_Task description:_ Go to the line containing "The first trick: if" below; retype it and all following lines exactly, and leave out the pictures.

- Opening Delimiter -

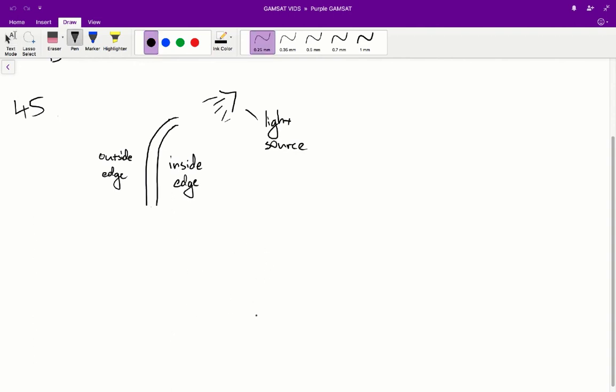The one on the outside edge is going to be the longest lane whilst the one on the inside edge is the shortest lane. And that's why the lane on the inside edge usually starts a bit further back so that everyone can get an equal length of running track to run.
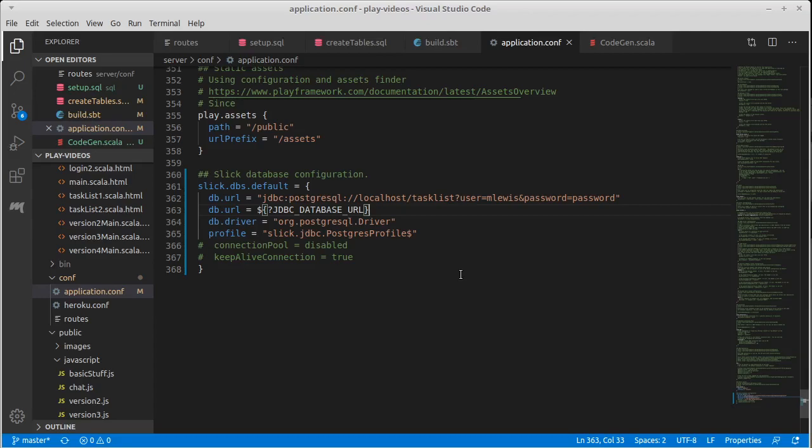So that gets us to the point of basically having things set up in the project so that we can work with it. I will come back in the next video and we'll look at doing the code generation and start setting up our controllers.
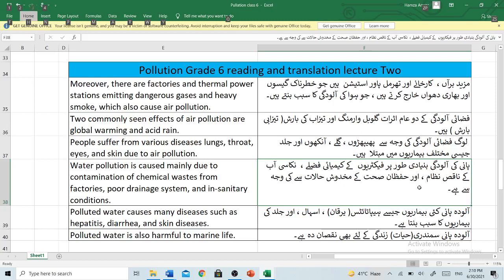Hello my dear friends and family, my name is Avistar Anwar and you are watching Compere Education Pakistan. So students, today we will be reading part 2 of Pollution, which is the second unit of grade 6, with translation in Urdu. So let's start.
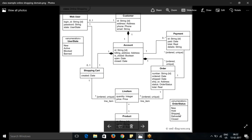What's the current state of the order? It can be new, hold, save, deliver, or close. The product will come into the line item, so that will be the complete order. Initially the customer will order, then there will be payment, and it will go for delivery and other parts of the process.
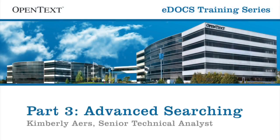Hello, and welcome to another session of the eDocs training series. My name is Kimberly Ayres, and today I'll be showing you Advanced Searching, part of our Mastering eDocs Search series.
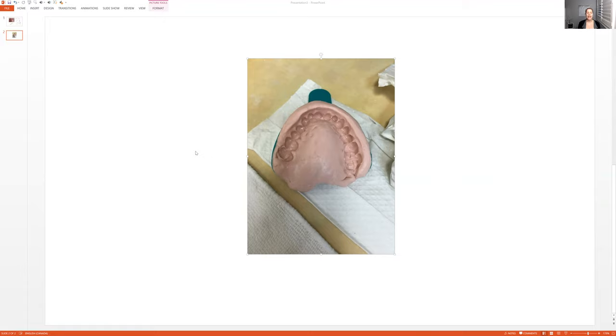And of course, the alginate, probably some extra paper towels because it might get messy, and the impression trays. Grab an upper and a lower, at least a couple different sizes. That's what I do.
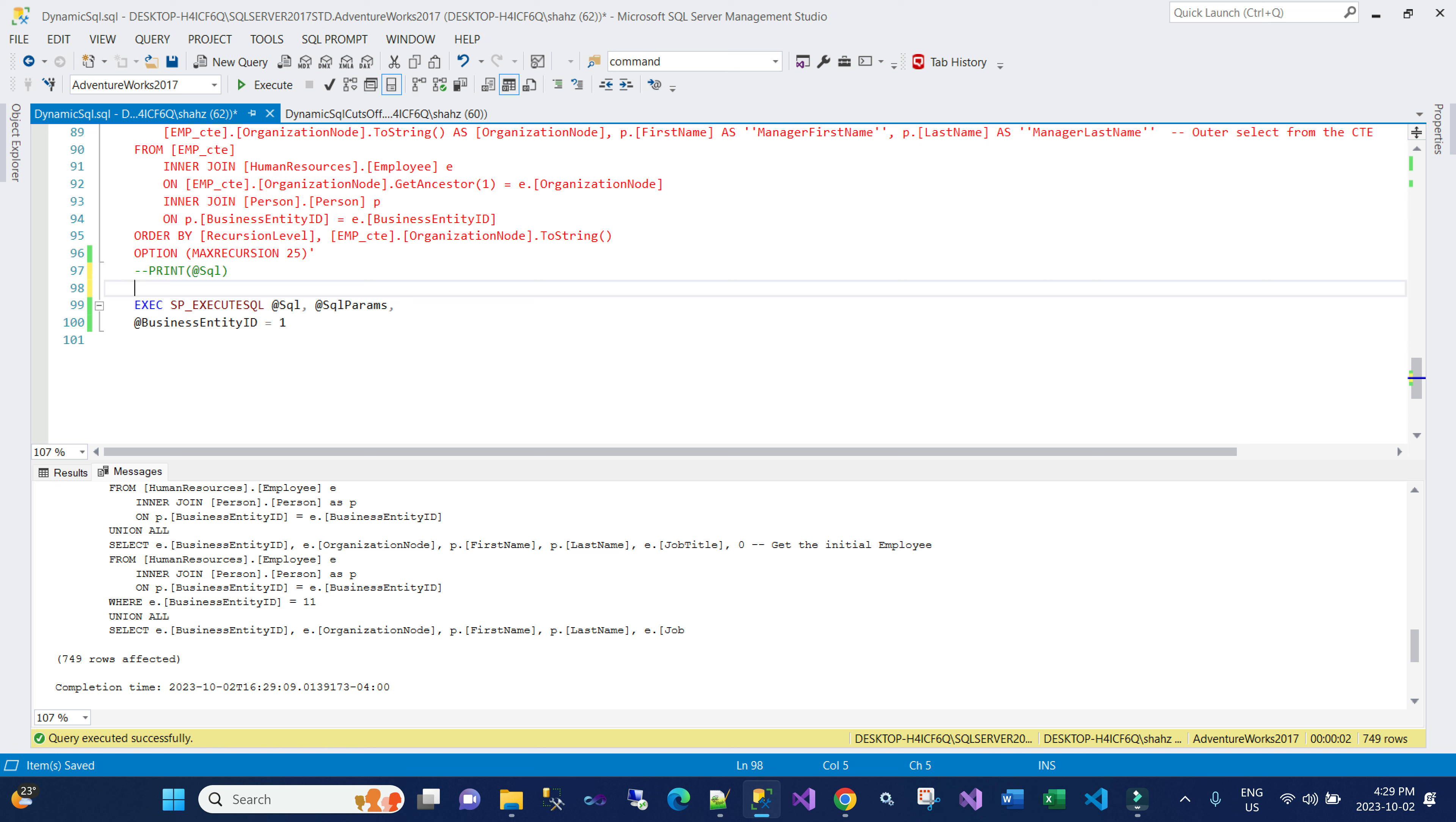The problem is with the PRINT statement. What the PRINT statement does is that the PRINT statement restricts the NVARCHAR(MAX) to 4,000 characters, and if we're using VARCHAR(MAX) it will be restricted to 8,000 characters.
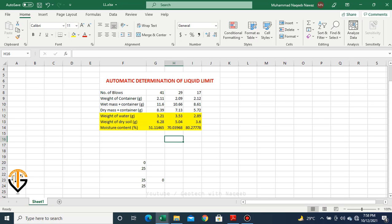The first trick: if you want to verify whether your results are accurate, you must know that with a decrease in number of blows, moisture content should decrease — because number of blows depicts the strength of the soil. If number of blows are higher, moisture content will be lower. With an increase in moisture content, soil will have lower strength to sustain the number of blows. So the blow count trend should be decreasing while moisture content increases. This is trick number one.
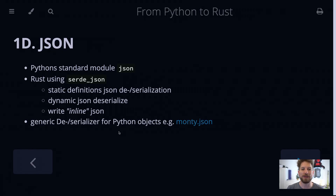Hello! Welcome to Bedroom Builds at the From Python to Rust series, episode 29 — JSON, coming from the previous episode where we spoke about XML.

- Closing Delimiter -

_Solution for this exercise:_
The first trick: if you want to verify whether your results are accurate, you must know that with a decrease in number of blows, moisture content should decrease — because number of blows depicts the strength of the soil. If number of blows are higher, moisture content will be lower. With an increase in moisture content, soil will have lower strength to sustain the number of blows. So the blow count trend should be decreasing while moisture content increases. This is trick number one.
Hello! Welcome to Bedroom Builds at the From Python to Rust series, episode 29 — JSON, coming from the previous episode where we spoke about XML.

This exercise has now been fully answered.